Location
- Country: Brazil
- State: Pará

Physical characteristics
- • location: Mondongo swamps, Marajó
- • location: Atlantic Ocean
- • coordinates: 0°14′S 48°55′W﻿ / ﻿0.233°S 48.917°W

= Tartarugas River =

The Tartarugas River (Rio Tartarugas) is a river of Marajó, which itself is an island in the Amazon Delta. It is located in the state Pará in northern Brazil, and forms the border between the municipalities Chaves and Soure.

The source of Tartartugas River is in the swamp areas called mondongos that are normally flooded during the wet season. When the area around the source is flooded, it is sometimes called Lake Tartarugas (Lago Tartarugas).

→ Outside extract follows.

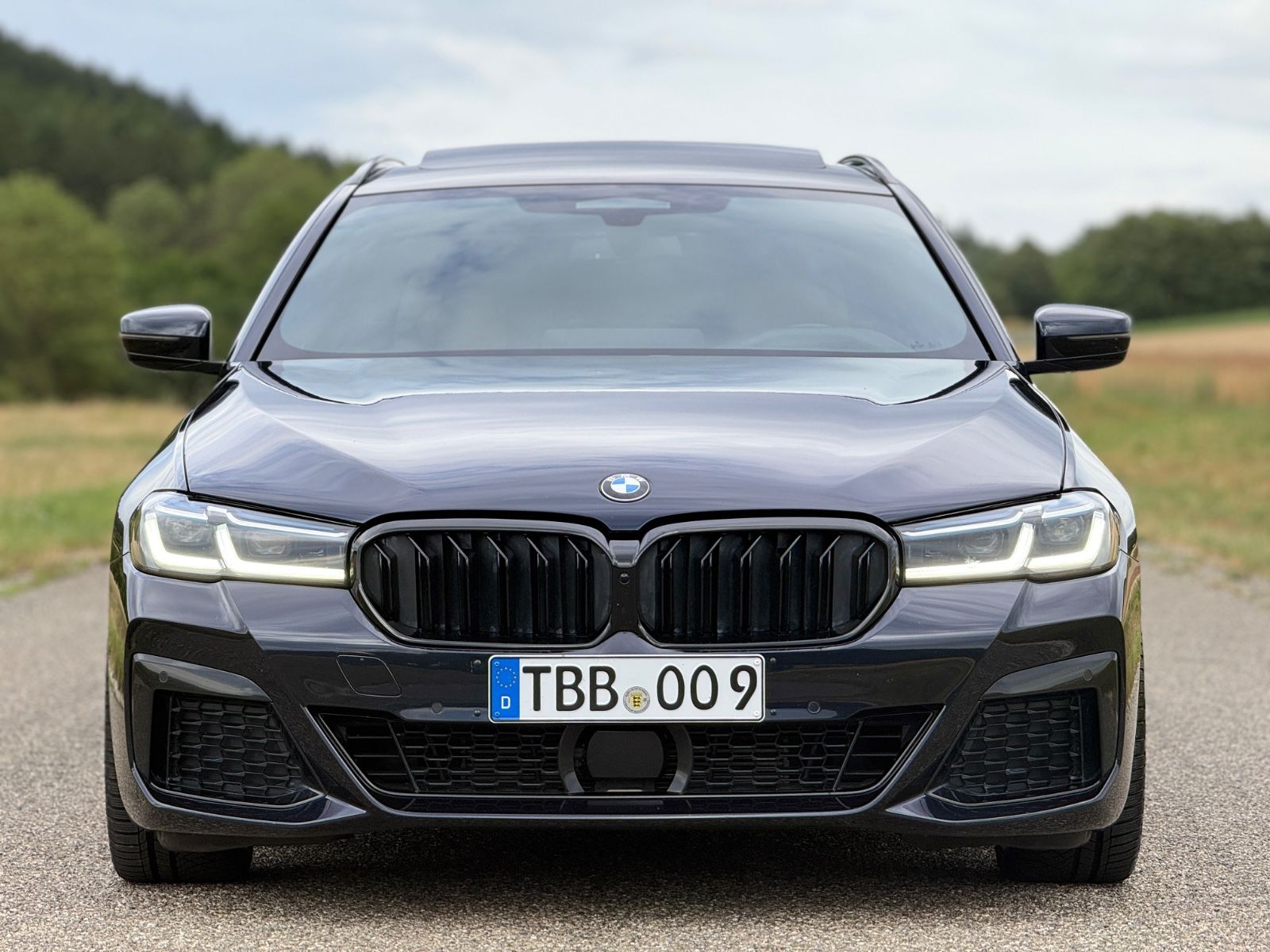 BMW 540d xDrive M Sport/BowersWilkins/Laser/Stdhzg/ foto 10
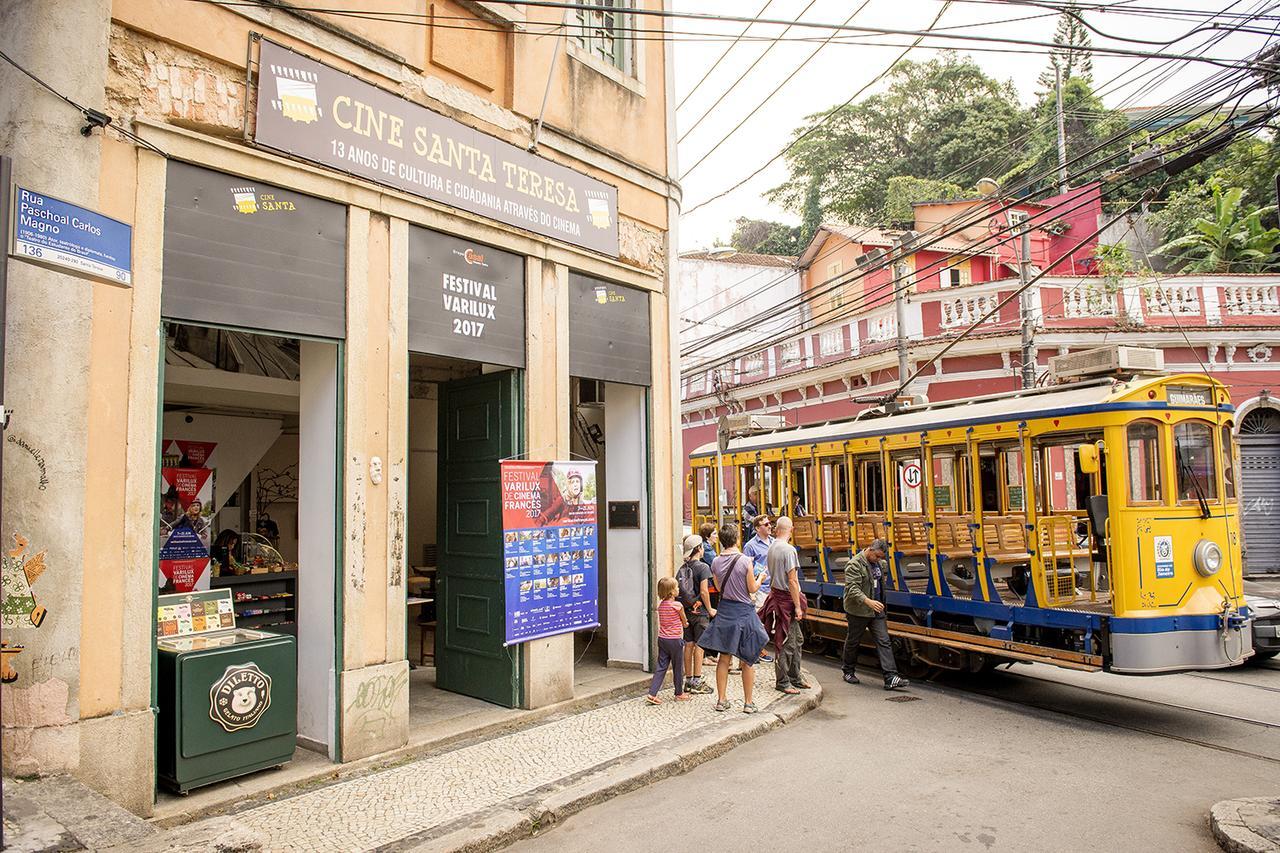 Rio Antigo Villa Rio de Janeiro Exteriör bild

It has a connection to Lake Arari through the Jenipapucu River. It is fed by a stream called Igarapé Jararaca.

Part of the river was canalised in the first half of the 20th Century, named the Tartarugas Canal (Canal Tartarugas). This was done to connect Lake Arari to the Atlantic Ocean, and also to facilitate drainage of the area in times of flooding. Because of this, the river can be navigated well.

Along the river there are several elevations called tesos. They contain indigenous cemeteries with human remains buried in ceramic pots according to Marajoara culture. Depending on the water level, the tesos can present themselves as islands in the river, which is how naturalist Alexandre Rodrigues Ferreira described them in the 18th Century.